Runge-Kutta methods are affine equivariant: applying a method before or after an affine change of variables yields the same numerical trajectory. However, for some applications, one would like to perform numerical integration after a quadratic change of variables. For example, in Lie-Poisson reduction, a quadratic transformation reduces the number of variables in a Hamiltonian system, yielding a more efficient representation of the dynamics. Unfortunately, directly applying a symplectic Runge-Kutta method to the reduced system generally does not preserve its Hamiltonian structure, so many proposed techniques require computing numerical trajectories of the original, unreduced system. In this paper, we study when a Runge-Kutta method in the original variables descends to a numerical integrator expressible entirely in terms of the quadratically transformed variables.
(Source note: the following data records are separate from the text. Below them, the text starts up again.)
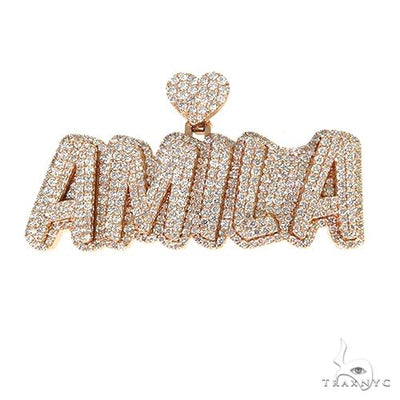 Custom Made Diamond Name Pendant 67863 - Image 1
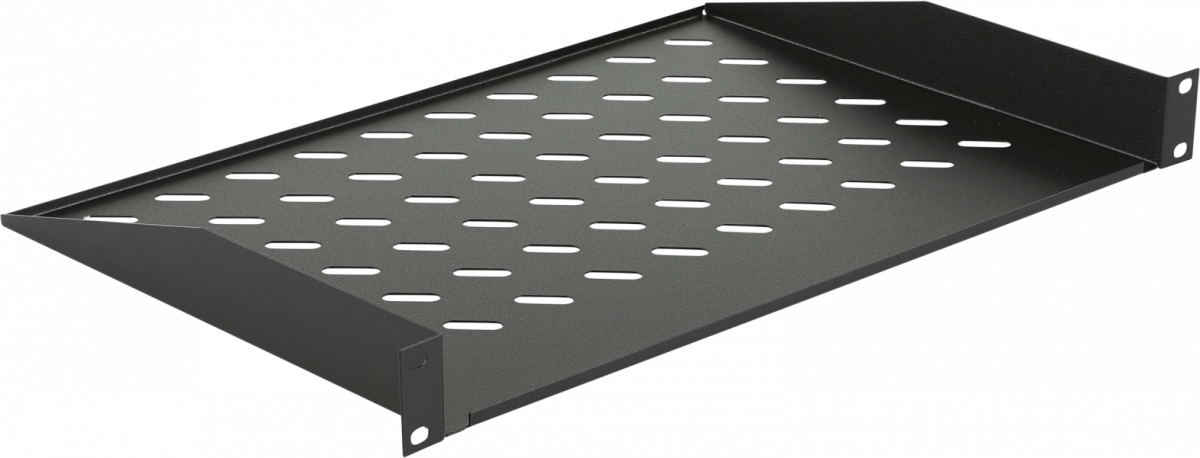 MIRSAN MR.RAK1U30.01 :: 19“ рафт за сървърен шкаф - 486 x 300 x 44 мм, вентилиранна ниска цена с бърза доставка - BestPC.BG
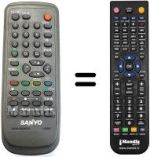 Mando a distancia equivalente Sanyo SEC2242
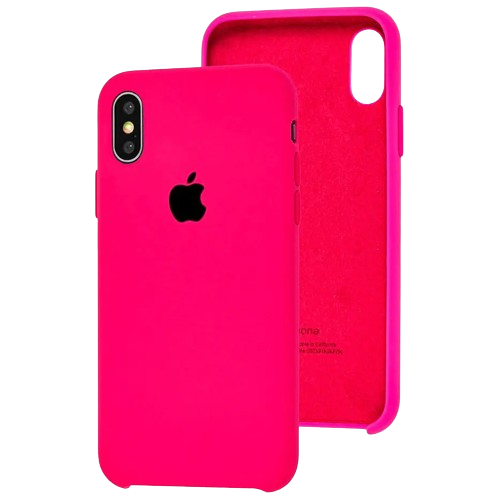 Apple silicone Case HC Iphone XS Max Hot Pink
In particular, we show that symplectic diagonally implicit Runge-Kutta (SyDIRK) methods, applied to a quadratic projectable vector field, are precisely the Runge-Kutta methods that descend to a method (generally not of Runge-Kutta type) in the projected variables. We illustrate our results with several examples in both conservative and non-conservative dynamics.

翻译：龙格-库塔方法具有仿射等变性：在变量进行仿射变换前后应用该方法会得到相同的数值轨迹。然而，在某些应用中，人们希望在变量进行二次变换后进行数值积分。例如，在李-泊松约化中，二次变换可减少哈密顿系统中的变量数目，从而得到更高效的动力学表示。遗憾的是，直接将辛龙格-库塔方法应用于约化系统通常无法保持其哈密顿结构，因此许多现有技术需要计算原始未约化系统的数值轨迹。本文研究了当原始变量中的龙格-库塔方法可降阶为完全用二次变换变量表示的数值积分器的条件。特别地，我们证明了应用于二次可投影向量场的辛对角隐式龙格-库塔方法，正是那些能降阶为投影变量中数值方法（通常非龙格-库塔型）的龙格-库塔方法。我们通过保守与非保守动力学中的若干算例验证了所得结论。